Standing Posture and the Diaphragm

poor standing posture interferes with the functioning of the diaphragmOur standing posture doesn’t always allow the body to breathe fully. The diaphragm is the body’s primary muscle for breathing. There are many other muscles involved but in a well functioning body the diaphragm is meant to descend slightly pulling air into the lungs like a vacuum.
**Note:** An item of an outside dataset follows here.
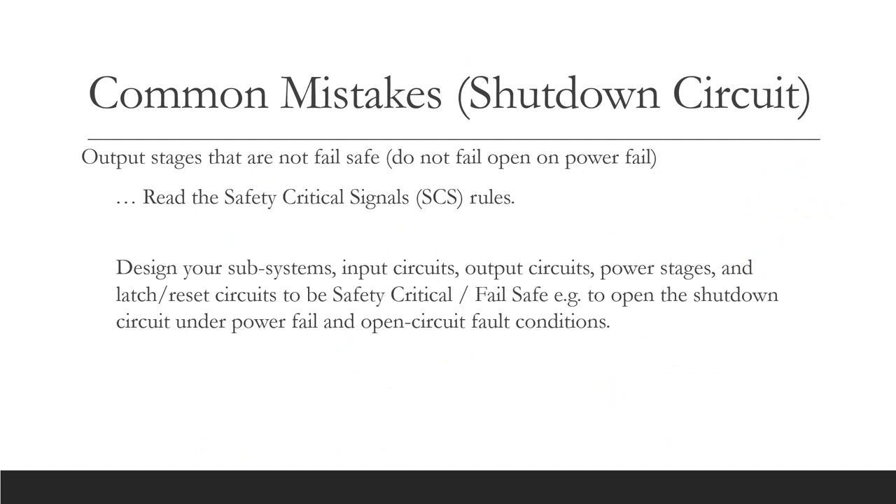I will take you through some common mistakes on the shutdown circuits. Output stages that are not designed to be fail-safe — i.e. they don't fail open on power failure — this is particularly true of the BSPD, IMD, and the accumulator management system. Read the safety critical signals rules and adhere to them. Ensure that your subsystems — input circuits, output circuits, power stages, and any latch and reset circuits — are engineered according to the safety critical signals rules.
When I write slightly I mean it—its movement can be measured in millimeters but a little goes a long way inside the body.

When the diaphragm descends it closes down the space of the abdominal cavity forcing the organs and the belly to move slightly forward. This is the image of diaphragmatic, or belly, breathing—the belly moves out a bit on the inhale and retreats with the exhale. Thoracic, or chest breathing, occurs when the diaphragm does not descend and the rib cage expands instead in order to make space for the lungs to increase in volume.

Diaphragmatic breathing is ideal but there are times, especially in yoga, when we might choose to breathe with the chest exclusively. In the ashtanga practice the idea is to employ the bandhas—energetic locks- that tone the pelvic floor and the lower belly and then turn on the ujjayi breath, a specific type of breath used in yoga. The ujjayi breath, which I love to use in practice, combined with the banhdas limits the breath to the chest and rib cage by choice.

People with poor posture—the majority of the world— tend to breath into the chest because of the way they stand. When we stand with good posture the spine is a long pole with four very small curves. We need the curves of the spine for the body to work as designed but those curves should be as small as possible. The ideal curve is created by developing muscle tone to support the spine.

The main postural issue I see in the spine is a bit of a collapse that occurs where the middle, or thoracic spine, meets the lower, or lumbar spine. At this juncture the thoracic spine tends to lean backwards as the lumbar curves forward. When this is the case, as in the picture above, the diaphragm will literally hit the spine on its descend and stop forcing the breath up into the chest.

The spine needs to be fully extended and the base of the rib cage— where the diaphragm is housed—needs to be level with the ground for the breath to work at its ideal best. Aligning the spine and finding good postural balance frees the diaphragm and the breath to work at their best.